Addicted to Love? | Relationship Addiction

Do you tend to get involved quickly? Do you have relationship addiction? Have you gone from relationship to relationship? Are you like Julia Roberts in Runaway Bride where you don’t know how you like “your own eggs?” Do you find yourself in a relationship before actually getting to know someone?

People who are addicted to love end up projecting an ideal onto a relationship and often being disappointed when the reality of the relationship does’nt match witth the idealized version. The media does not help. Romantic movies give unrealistic messages and encourage idealized relationships where couples meet, become enmeshed and immediately end up happy together. Love songs which use language such as “I can’t live without you” or “My world is empty without you, babe”
basically describe and romanticize obsessive love.

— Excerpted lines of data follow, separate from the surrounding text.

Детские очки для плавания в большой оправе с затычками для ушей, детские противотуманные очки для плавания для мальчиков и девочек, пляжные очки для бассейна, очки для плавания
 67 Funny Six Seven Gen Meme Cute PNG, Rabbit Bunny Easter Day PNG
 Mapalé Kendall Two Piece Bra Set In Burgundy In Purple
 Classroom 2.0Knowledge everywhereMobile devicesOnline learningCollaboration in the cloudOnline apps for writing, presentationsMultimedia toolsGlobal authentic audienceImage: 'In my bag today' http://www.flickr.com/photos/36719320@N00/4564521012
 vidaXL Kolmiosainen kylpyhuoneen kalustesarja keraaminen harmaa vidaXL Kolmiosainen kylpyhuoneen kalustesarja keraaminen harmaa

In a normal relationship, some of this does happen. Of course in the beginning, it is very exciting and “infatuation” can seem like love. it IS possible that real love can develop from something that starts out as infatuation but the difference is, that time is allotted so that it can develop. Real bonding needs time to develop.

Romance or love addicts are loathe to spend the time slowly getting to know the other person because they refuse to give up the “high” of romantic love, lust or infatuation.

As with many addictions, denial is often at work. Many women report being frustrated with friends who seek advice from them about relationships. They say things like, “I don’t understand it, in all other areas, she proves to be intelligent and reasonable. At work, with fitness and health and with her friendships, but with this one issue, this very “pulled together” woman ends up acting like a teenager, over and over. She knows no logic.

Sometimes, people get “hooked” on the feeling of what they think is “being in love” when in fact, as in other addictions, this process is actually being used to avoid other issues. It could be anxiety about developing a relationship, fear of true intimacy and a sense of hopelessness about connecting in a healthy way.

These men and women who are caught up in this addiction have often not seen models of healthy relationships in their early years. in normal development, children get to see that in functional relationships, that is not perfect or exciting all the time. They get to see a healthy model of compromise and negotiation as well as commitment. They also get to see that good relationships take a lot of work and although love is important, that it is not the only element and certainly not the one that keeps people committed in a functional way. It is maturity, accepting that there will be things that you don’t like about your partner, that your roles may change from time to time and that commitment and flexibility are very important.

“Love Addicts” have typically either only seen terribly dysfunctional relationshps or social isolation. They may have seen violence or abuse whether physical or emotional and they may have an idealized version of a “perfect relationship” that will heal the effects of a difficult childhood. The problem is that at first, the infatuation appears to “fix it all”, but unfortunately it doesn’t last. So the beginning of a relationship fuels the “feel good” brain chemistry and they are off!

Individual treatment for people who become aware that they have this issue can be helpful. There are also 12 step programs such as SLAA (Sex and Love Addicts Anonymous). So, if you are finding that you have a pattern of getting involved in these sorts of relationships, think about getting some professional help and beginning a better relationship with yourself first. As Whitney Houston said in one of her hit songs, you can learn to have “The Greatest Love of All”!